### Exercise data
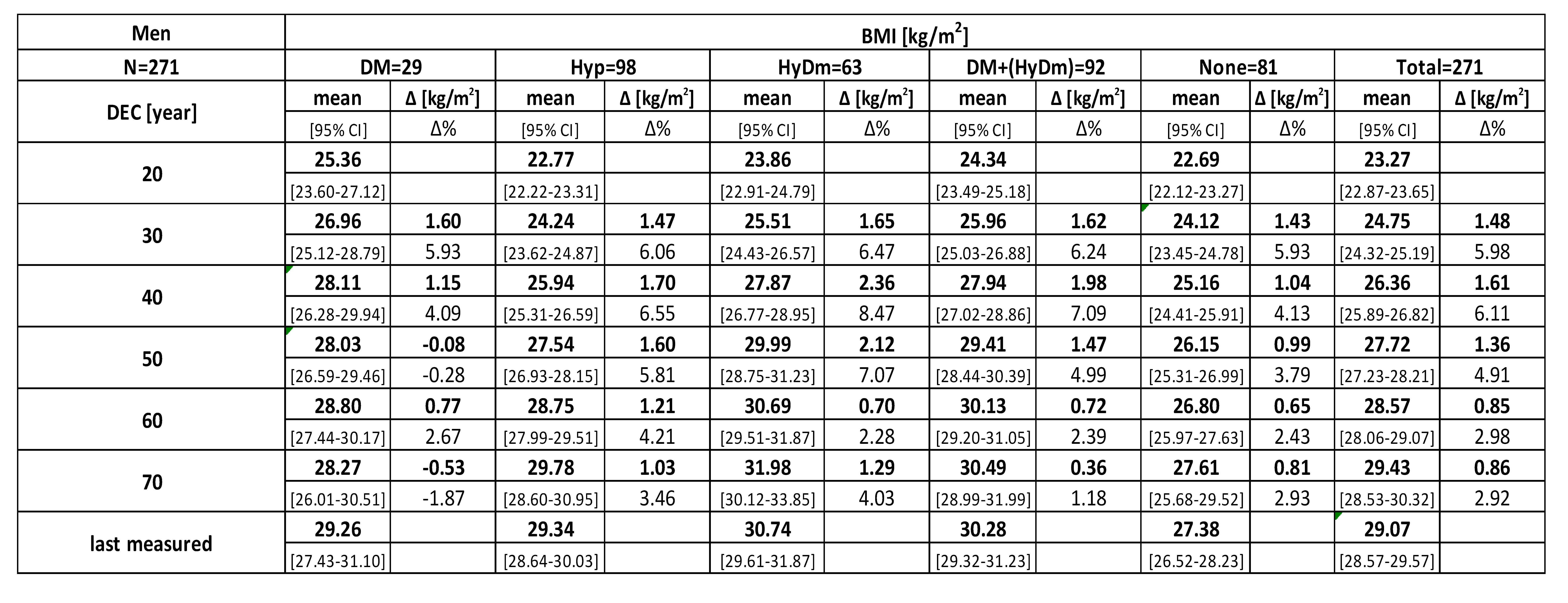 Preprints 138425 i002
==
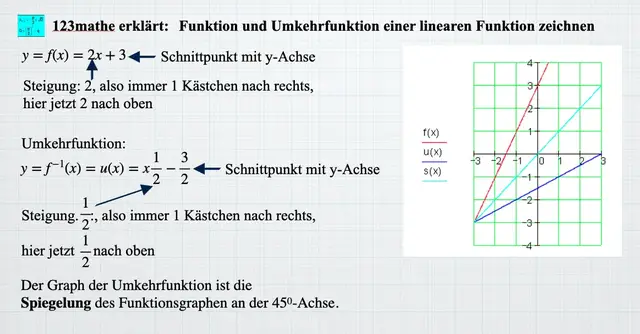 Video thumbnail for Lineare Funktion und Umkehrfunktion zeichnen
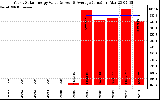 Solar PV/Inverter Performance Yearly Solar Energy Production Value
* * *
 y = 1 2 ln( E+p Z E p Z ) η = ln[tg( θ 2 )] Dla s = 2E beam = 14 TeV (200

### What is being asked
Above is the material; set down exactly its lines from the one containing "Video thumbnail for" down to the one containing "Solar PV/Inverter Performance", both included, leaving out any pictures.

### Result of the exercise
 Video thumbnail for Lineare Funktion und Umkehrfunktion zeichnen
 Solar PV/Inverter Performance Yearly Solar Energy Production Value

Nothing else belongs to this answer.